── SUPPLIED RECORDS ──
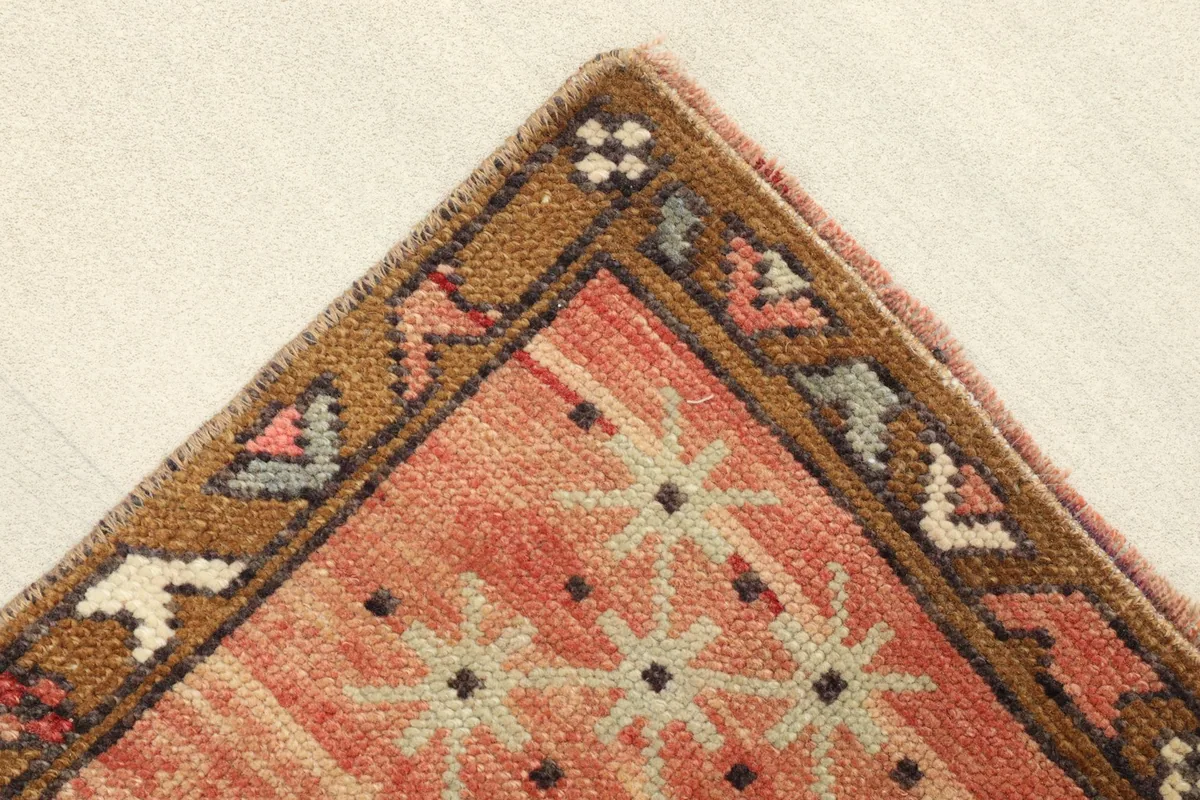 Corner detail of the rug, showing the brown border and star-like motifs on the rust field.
───
── SUPPLIED RECORDS ──
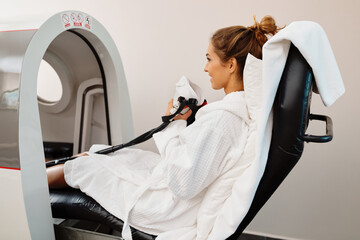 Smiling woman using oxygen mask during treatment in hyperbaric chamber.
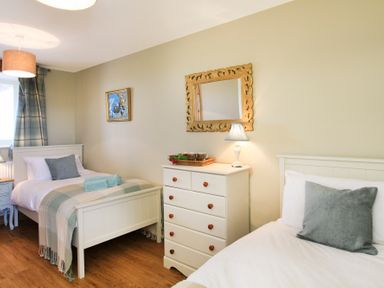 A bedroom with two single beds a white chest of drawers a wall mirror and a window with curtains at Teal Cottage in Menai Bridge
───
── SUPPLIED RECORDS ──
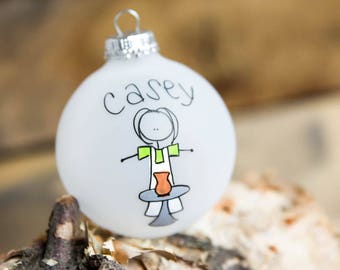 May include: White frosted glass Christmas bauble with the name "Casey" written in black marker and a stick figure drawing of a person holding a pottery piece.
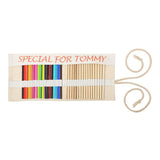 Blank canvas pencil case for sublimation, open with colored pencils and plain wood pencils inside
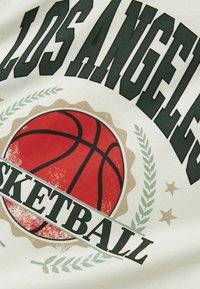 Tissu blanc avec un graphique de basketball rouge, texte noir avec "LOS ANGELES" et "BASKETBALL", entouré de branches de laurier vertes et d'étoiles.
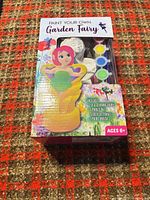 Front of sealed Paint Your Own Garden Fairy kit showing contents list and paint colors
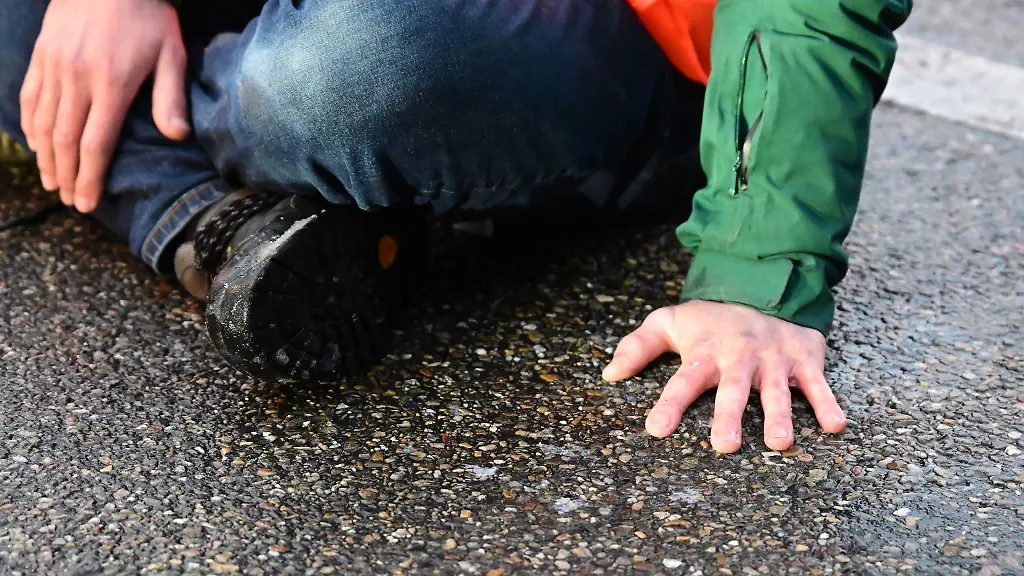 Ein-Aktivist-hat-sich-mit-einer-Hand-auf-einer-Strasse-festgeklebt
───
WHAT TO WORK ON –
What's needed is an exact copy of the lines above from the one with "Smiling woman using" through the one with "A bedroom with", both included; the pictures stay out.

WRITTEN ANSWER –
 Smiling woman using oxygen mask during treatment in hyperbaric chamber.
 A bedroom with two single beds a white chest of drawers a wall mirror and a window with curtains at Teal Cottage in Menai Bridge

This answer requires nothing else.